Tag: data-analysis

Approximation through hashing

Approximation algorithms are quite possibly my favorite topic in software. I find them remarkable and beautiful.

Here’s the motivation: On large data, many kinds of exact answers are expensive to calculate. At the same time, there are many, many circumstances where imperfect answers are acceptable. For instance, when deciding whether we need to execute a task (like because it’s the first time we’ve seen it), we don’t need to be exactly right – we’ll still see a significant speed-up from avoiding most duplicative work. When incoming data have already been sampled, we know that pursuing a “exact top 3” is a fool’s errand – our answer will never be anything but approximate. When a human decision is the outcome we’re driving, we need to deliver a gestalt – it’s vanishingly rare that anyone cares about the exact numbers.
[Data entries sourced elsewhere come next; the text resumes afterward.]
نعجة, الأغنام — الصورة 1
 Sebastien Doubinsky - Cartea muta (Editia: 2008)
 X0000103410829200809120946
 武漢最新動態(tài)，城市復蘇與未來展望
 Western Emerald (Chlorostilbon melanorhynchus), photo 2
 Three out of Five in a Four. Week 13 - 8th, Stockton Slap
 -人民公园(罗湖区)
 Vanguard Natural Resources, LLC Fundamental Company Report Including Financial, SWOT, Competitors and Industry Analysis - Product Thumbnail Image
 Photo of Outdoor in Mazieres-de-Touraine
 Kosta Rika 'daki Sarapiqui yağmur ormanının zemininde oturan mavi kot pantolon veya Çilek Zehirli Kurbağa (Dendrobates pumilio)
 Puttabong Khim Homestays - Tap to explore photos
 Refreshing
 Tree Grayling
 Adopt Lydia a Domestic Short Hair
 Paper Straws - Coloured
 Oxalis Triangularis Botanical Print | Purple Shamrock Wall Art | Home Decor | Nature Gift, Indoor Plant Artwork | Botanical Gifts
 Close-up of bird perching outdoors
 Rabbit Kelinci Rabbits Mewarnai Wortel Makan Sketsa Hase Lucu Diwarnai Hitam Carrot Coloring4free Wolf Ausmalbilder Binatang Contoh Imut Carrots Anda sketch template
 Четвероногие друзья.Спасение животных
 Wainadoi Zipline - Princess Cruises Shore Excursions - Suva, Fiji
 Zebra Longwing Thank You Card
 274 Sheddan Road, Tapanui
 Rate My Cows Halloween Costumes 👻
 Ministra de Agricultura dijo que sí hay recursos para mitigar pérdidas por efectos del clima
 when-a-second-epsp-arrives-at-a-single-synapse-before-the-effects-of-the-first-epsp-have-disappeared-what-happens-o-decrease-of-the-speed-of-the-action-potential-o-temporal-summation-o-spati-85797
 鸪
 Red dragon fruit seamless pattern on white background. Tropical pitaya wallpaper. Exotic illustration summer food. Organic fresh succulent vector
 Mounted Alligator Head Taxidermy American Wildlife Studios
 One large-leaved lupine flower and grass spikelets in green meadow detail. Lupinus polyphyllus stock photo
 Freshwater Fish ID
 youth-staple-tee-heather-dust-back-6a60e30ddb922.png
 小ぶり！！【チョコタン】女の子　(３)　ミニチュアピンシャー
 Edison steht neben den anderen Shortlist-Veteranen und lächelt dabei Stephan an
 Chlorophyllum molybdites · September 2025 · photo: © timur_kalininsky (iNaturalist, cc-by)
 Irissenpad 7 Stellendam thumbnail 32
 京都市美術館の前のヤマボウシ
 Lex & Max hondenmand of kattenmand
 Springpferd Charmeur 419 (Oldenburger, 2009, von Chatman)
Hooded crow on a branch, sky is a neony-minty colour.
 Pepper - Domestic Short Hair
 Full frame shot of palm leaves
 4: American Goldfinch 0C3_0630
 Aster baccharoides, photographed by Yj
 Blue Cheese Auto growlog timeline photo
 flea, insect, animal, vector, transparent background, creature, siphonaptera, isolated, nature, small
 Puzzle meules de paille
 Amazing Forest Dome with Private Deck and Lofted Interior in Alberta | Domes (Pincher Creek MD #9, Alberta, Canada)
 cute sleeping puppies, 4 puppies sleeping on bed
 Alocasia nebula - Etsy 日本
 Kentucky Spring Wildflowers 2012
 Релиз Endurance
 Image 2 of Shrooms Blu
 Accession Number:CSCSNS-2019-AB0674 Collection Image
Approximation algorithms are gorgeous. My favorites rely on hashing to cleverly and cheaply get us answers:

  • Cardinality estimation (e.g., HyperLogLog, CVM): We hash everything and we track the longest prefix of consecutive 0s that we see in the resulting hashes. If the data produces only one or two 0s in a row as its longest consecutive-0 prefix, that implies we’ve only seen a bit of distinct data. The longer the sequence of 0s, the more likely we are to have seen a lot of distinct data. See Alessandro Nadalin for more on HyperLogLog. (There’s other approaches for this problem, too, like the just-introduced-two-years-ago CVM algorithm. The CVM algorithm tracks a randomly chosen subset of elements in finite memory, such that the cardinality of the elements in the buffer can be trivially converted into an estimate of the overall stream’s cardinality.)
  • Distance metric estimation (e.g., locality sensitive hashing/LSH, MinHash & SimHash): To each piece of data, we apply a set of hash functions. The hash functions are designed to put similar items in the same “bucket”. (In a machine learning context, we might hash on features, plus some random noise.) We approximate the distance between two samples as the extent to which the hash functions produce collisions for those two samples. See Tyler Neylon for more on LSH.
  • Set presence estimation (e.g., Bloom & Cuckoo filters): When we observe an item, we turn on k bits in a bitmap. We figure out which k bits to turn on by hashing the item through h distinct hash functions. Then to test whether a new item is in the set, we hash the new item and we check whether all corresponding k bits are already turned on. See Marciej Ceglowski for more on Bloom filters.
  • Frequency estimation (e.g., count-min sketch): When we observe an item, we hash it k times. We store the result in a grid where each hash function corresponds to a single row. For each hashed input, we increment the integer that occurs at the row of the hash function and the column of the result of that hash operation. Then to estimate the frequency of an item, we retrieve all k integer counts that correspond to that item, and we return the minimum of those values. See Vivek Bansal for more on count-min sketch.

It’s astounding to me that we have effective hash functions at all. What a wonder.

Data documentation and me

When I start wrangling a new data source, I search for a lot of terms, I ask a lot of questions and I take a lot of notes. I like to publish those notes on the company wiki. By working publicly, the quality of the docs tends to improve – no one has to re-invent the wheel, I sometimes get comments that improve the docs, and there is a clear stub for others to maintain.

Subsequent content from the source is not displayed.